In 2013, Marinvest negotiated on behalf of Skagerack Invest and Waterfront Shipping – the global marine-transportation company and a wholly-owned subsidiary of Methanex Corp. – for two 50 000 dwt oil/chemical carriers with dual-fuel methanol engines. The Mari Jone and Mari Boyle were subsequently delivered in 2016.

The two medium-range, methanol-burning, dual-fuel vessels are among the world’s first ocean-going vessels capable of running on methanol, MAN Energy Solutions said. With the growing demand for cleaner marine fuel to meet environmental regulations, methanol is an alternative marine fuel that can meet the industry’s increasingly stringent emissions regulations. Methanol is a cost-competitive biodegradable, clean-burning marine fuel that significantly reduces smog-causing emissions such as particulates, sulfur oxides and nitrogen oxides, and also reduces greenhouse-gas emissions, the company said. It is one of the world’s largest traded chemicals and available globally.

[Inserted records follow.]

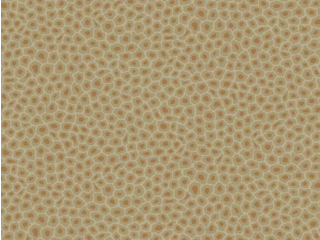 Cole & Son Senzo Spot - 109/6029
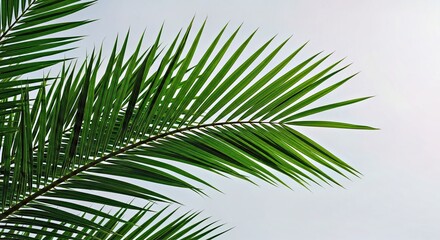 Fototapeta premium Lush Green Palm Fronds Tropical Foliage Background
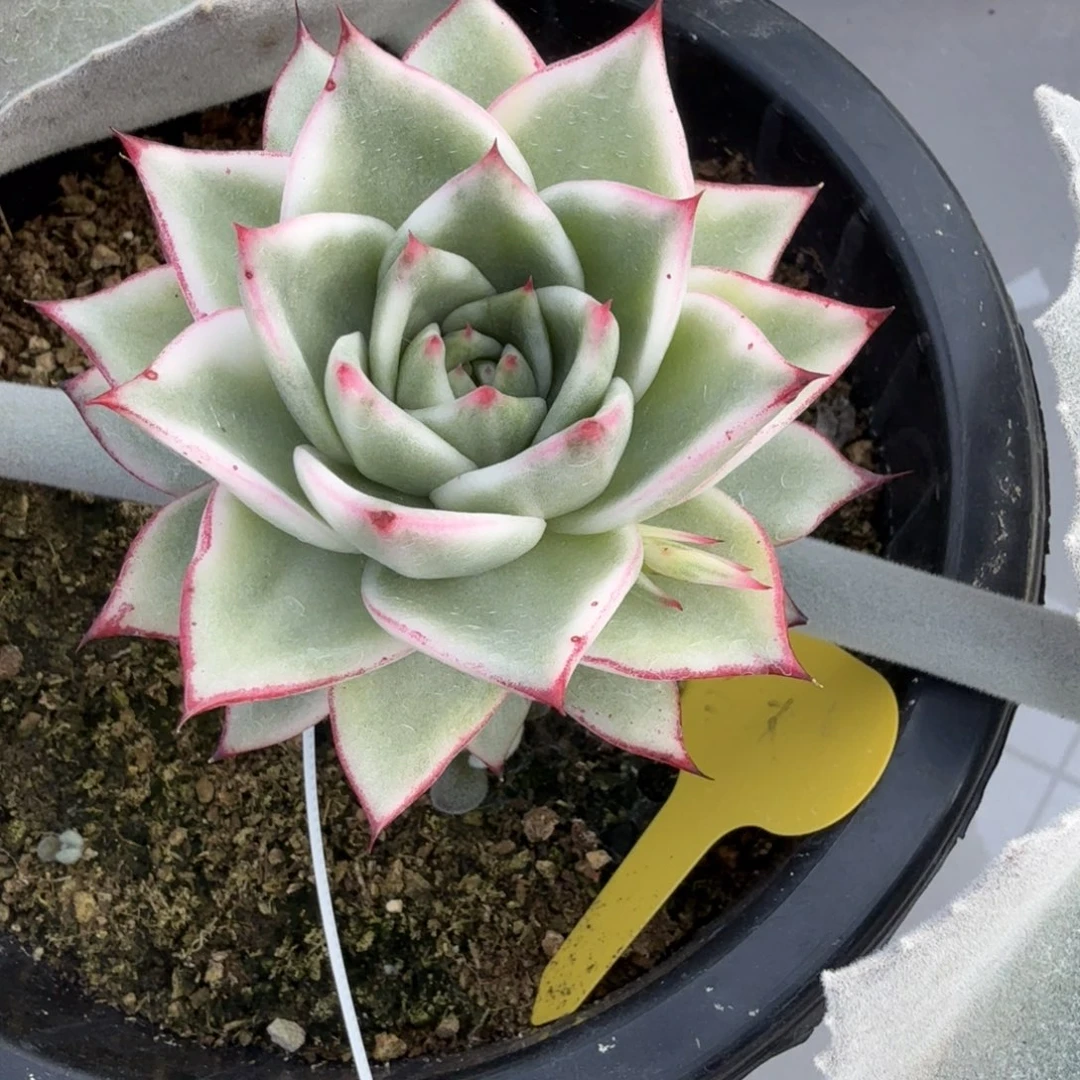 乌木 安吉园艺锦锦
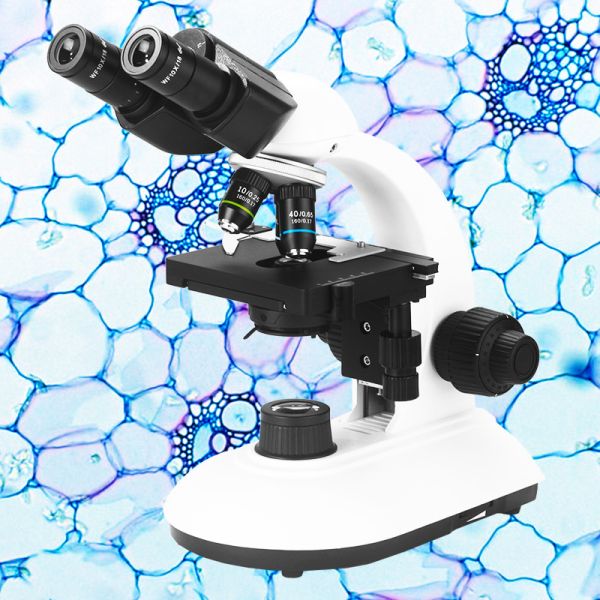 Binocular Optical School Student Microscope Monocular Trinocular Educational
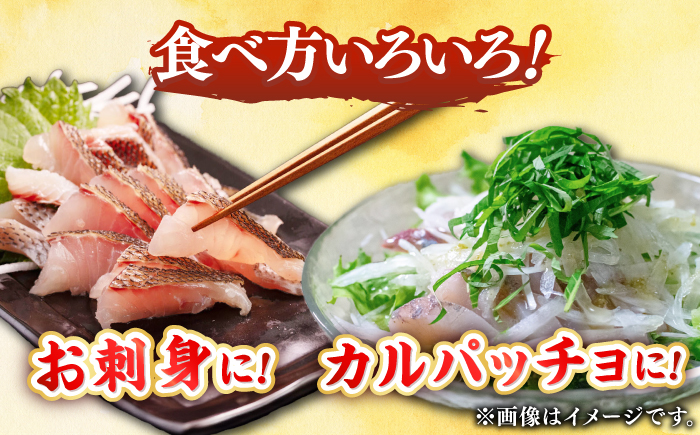 【全2回定期便】 【勝本漁港直送】壱岐島の刺身盛りセット ≪壱岐市≫【あかりや】 冷凍配送 刺身 小分け 産地直送 22000円 お刺身 刺し身 寿司 海鮮 [JFO005]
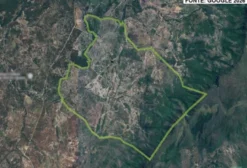 Fazenda Lavrinha - 1.413,28 Hectares em Monte Alegre de Goiás - GO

“When introducing methanol as a two-stroke marine fuel, we encountered the usual teething problems, including addressing the liner lubrication because of methanol’s potentially corrosive behavior,” said René Sejer Laursen, Sales & Promotion manager, MAN Energy Solutions. “However, the service experience gathered after 50 000 hours of cumulative operation has ironed all such problems out and the ME-LGI engines are now running smoothly with no maintenance issues. In fact, they are even showing an improvement in fuel efficiency.”

The two methanol tankers are managed on timecharters for Waterfront Shipping and operate globally, providing an uninterrupted flow of methanol between storage terminals and customer plants.